Promoting social accountability through radio in Ghana
The Procurement Governance for Home Grown School Feeding (PG-HGSF) project disseminates information through various channels to communicate among and with stakeholders. Recently, the PG-HGSF Ghana team worked with a local radio station in the Sissala East district to advocate for improved social accountability within the Ghana School Feeding Programme (GSFP).
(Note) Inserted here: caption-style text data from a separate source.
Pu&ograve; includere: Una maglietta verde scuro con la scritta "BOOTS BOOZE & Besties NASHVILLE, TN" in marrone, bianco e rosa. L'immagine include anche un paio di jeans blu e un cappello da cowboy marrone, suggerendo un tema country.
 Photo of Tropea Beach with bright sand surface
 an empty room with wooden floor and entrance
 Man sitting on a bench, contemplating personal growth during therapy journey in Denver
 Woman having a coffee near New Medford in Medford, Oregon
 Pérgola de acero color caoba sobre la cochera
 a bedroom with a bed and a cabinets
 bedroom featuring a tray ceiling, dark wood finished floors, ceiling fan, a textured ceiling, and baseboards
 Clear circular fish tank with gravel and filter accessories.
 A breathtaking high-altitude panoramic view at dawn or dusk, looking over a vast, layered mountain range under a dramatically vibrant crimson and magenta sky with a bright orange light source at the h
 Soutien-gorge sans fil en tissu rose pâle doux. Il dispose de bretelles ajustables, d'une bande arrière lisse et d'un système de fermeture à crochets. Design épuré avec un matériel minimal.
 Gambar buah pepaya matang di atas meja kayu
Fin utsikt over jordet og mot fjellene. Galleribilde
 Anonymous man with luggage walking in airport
The team’s success using the radio to share information serves as an example of how to better connect communities.
During a district meeting in Sissala East, PG-HGSF and stakeholders discussed ways to increase the public’s knowledge of GSFP. They decided to organise a radio discussion programme to provide a platform for key school feeding actors to interact with community beneficiaries and the general public, thereby promoting better accountability and information flow.
Since mid-2013, eight radio discussion sessions have been held on RADFORD FM Tumu, which has over 65,000 listeners. The overall theme was ‘Promoting Farmer Access to the School Feeding Market through Information Sharing’. Each session was based on a different topic, lasted for an hour (40 minutes of uninterrupted discussion and 20 minutes of on-air phone calls from listeners) and was broadcast in both Sissali, the local language, and English. The programmes explained GSFP and how it could be a potential market for smallholder farmers. The radio programmes also outlined the responsibilities of all school feeding stakeholders. An average of about 10 listeners called in during each session.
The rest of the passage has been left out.